The winners are assessed on PR problems in both traditional and online media, including social media spaces. To qualify as a PR disaster, the incident must result in sustained, negative media coverage for the brand, business or person at the centre of the story.

McCusker writes, “The ways that some brands and governments handle PR issues often actually makes their image problems worse. Trying to manipulate and ‘spin’ rather than talk straight still seems popular, yet can make the issue hang around longer.”

Here are Australia’s Top 10 PR Disasters of 2013:

1. Essendon supplements scandal – under the direction of controversial sports scientist Stephen Dank, the Bombers were found to have been operating an experimental – possibly illegal – performance supplements programme.

2. Drugs in sport – A year long Australian Crime Commission investigation found widespread drug use in Australian professional sport, with criminal networks being actively involved. At publication, one former ASADA expert dubbed it the “blackest day in Australian sport.”

3. Indonesian relations – Australia’s ‘SBY’ presidential phone-tapping scandal escalated with Tony Abbott’s reticence to apologise and Indonesia reactively downgrading the relationship between the two countries and withdrawing co-operation on people smuggling operations.

4. Waterhouse/Singleton spat – Businessman John Singleton sacked trainer Gai Waterhouse following a clash on live television. After “Singo” claimed skullduggery over the fitness of his beloved horse ‘More Joyous’, a Racing NSW inquiry fined Singleton and saw trainer Gai Waterhouse charged on two counts relating to reporting and record-keeping.

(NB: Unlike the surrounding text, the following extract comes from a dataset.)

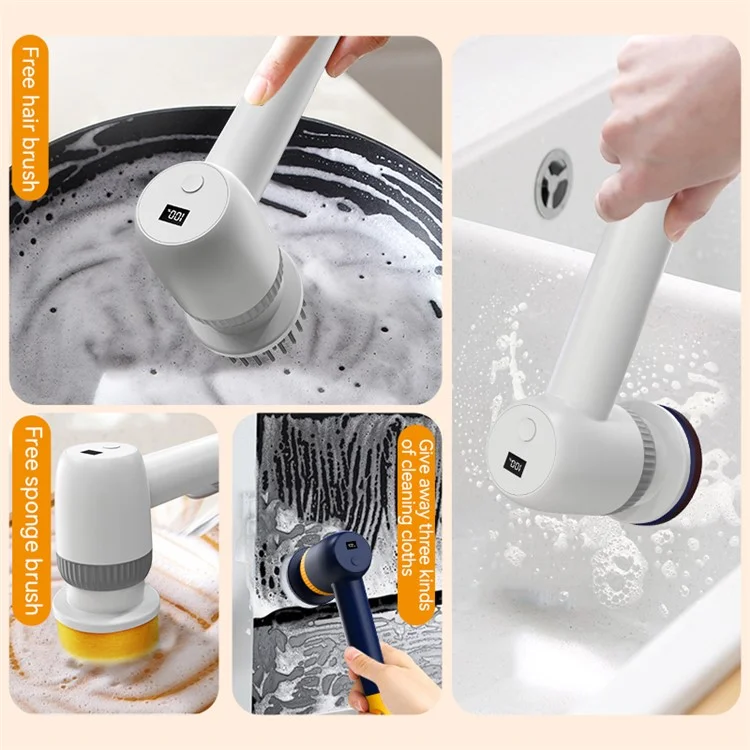 TJ03 Electric Oil Stain Scrubber Handheld Cordless Kitchen Home Cleaning Brush - Dark Blue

5. Media regulation reform – Communications Minister Stephen Conroy was assailed by many sections of the media over his proposed News Media reforms. Many outlets railed at the mooted, binding, self-regulation scheme that also sought to remove a news organisation’s exemption from some provisions of the Privacy Act.

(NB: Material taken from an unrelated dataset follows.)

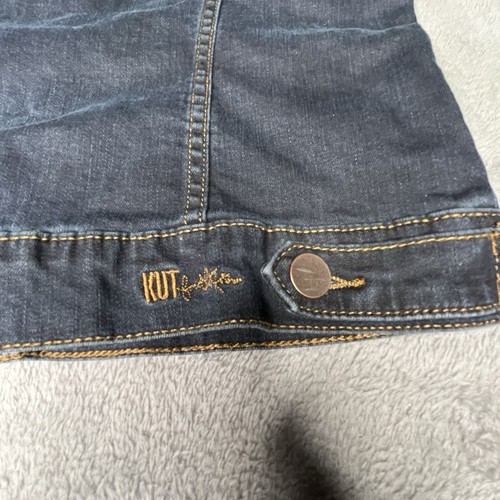 Kut From The Kloth Jean Jacket M Blue Amelia Trucker Button Up Dark Wash 3E - Picture 14 of 18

6. Mining tax repeal – The Abbott government started to repeal Labor’s controversial Minerals Resource Rent Tax from July 2014; by pitching how it would impact on families and small business, major – and conflicting – media coverage for this new policy was secured.

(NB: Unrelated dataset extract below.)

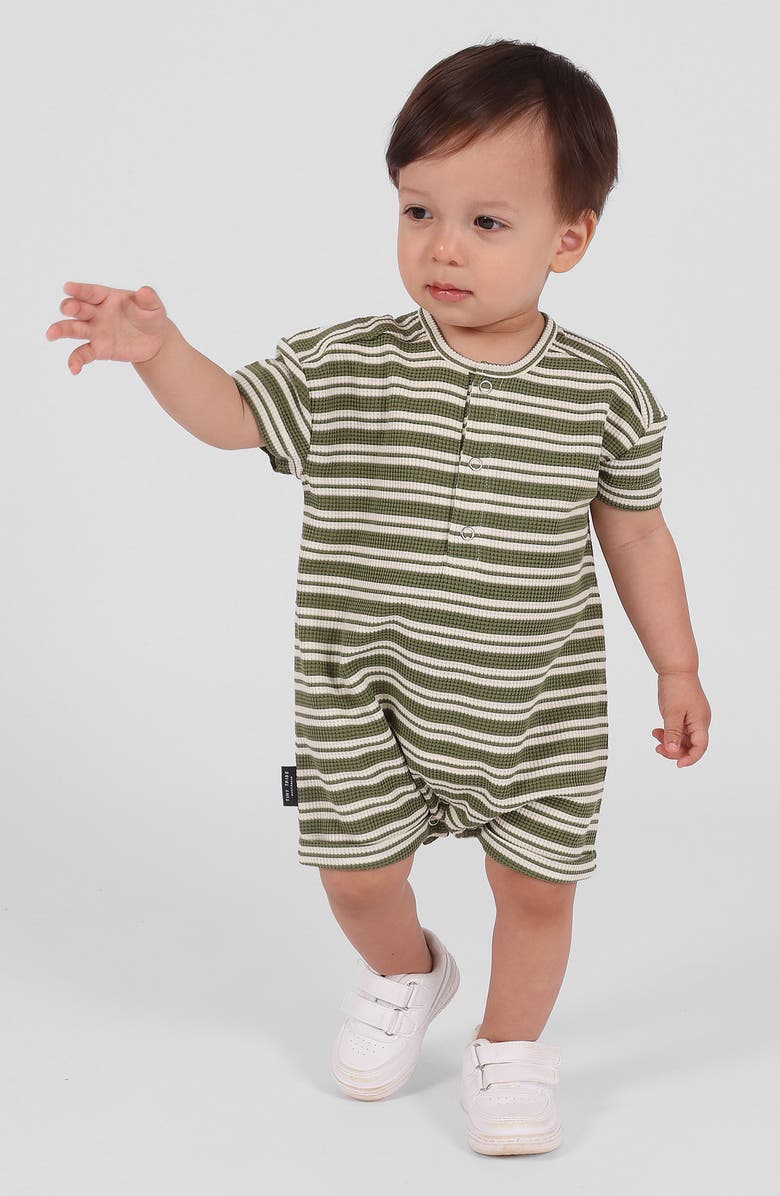 TINY TRIBE Stripe Waffle Knit Relaxed Romper, Alternate, color,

7. Craig Thomson expenses – The saga of allegedly using Health Service Union credit cards to pay for porn and prostitutes rumbled on, revealing avaricious appetites for raunchy films, sexual services, ciggies and cross-country flights and expenses.

8. Collingwood Football Club Adam Goodes scandal – When a young Collingwood fan sledged Adam Goodes with an ape slur, the media meltdown was compounded when Collingwood President Eddie Maguire jokingly alluded to Goodes’ ability to publicise the in-town musical ‘King Kong’.

9. Royal Commission into child sexual abuse – As the 2012-established commission researched, interviewed, questioned and challenged institutional representatives from education, religion, sports and state interests, claims of abuser protection and failure to stop the abuse provided media flak for churches and their office bearers.

10. Politician expenses – Not long into office, Tony Abbott encountered his first scandal over his and other politicians’ misuse of entitlements. With four cabinet members – plus the PM – having to repay money for faulty expense claims, the furore also targeted Labor pollies similarly loose with their expense accuracy.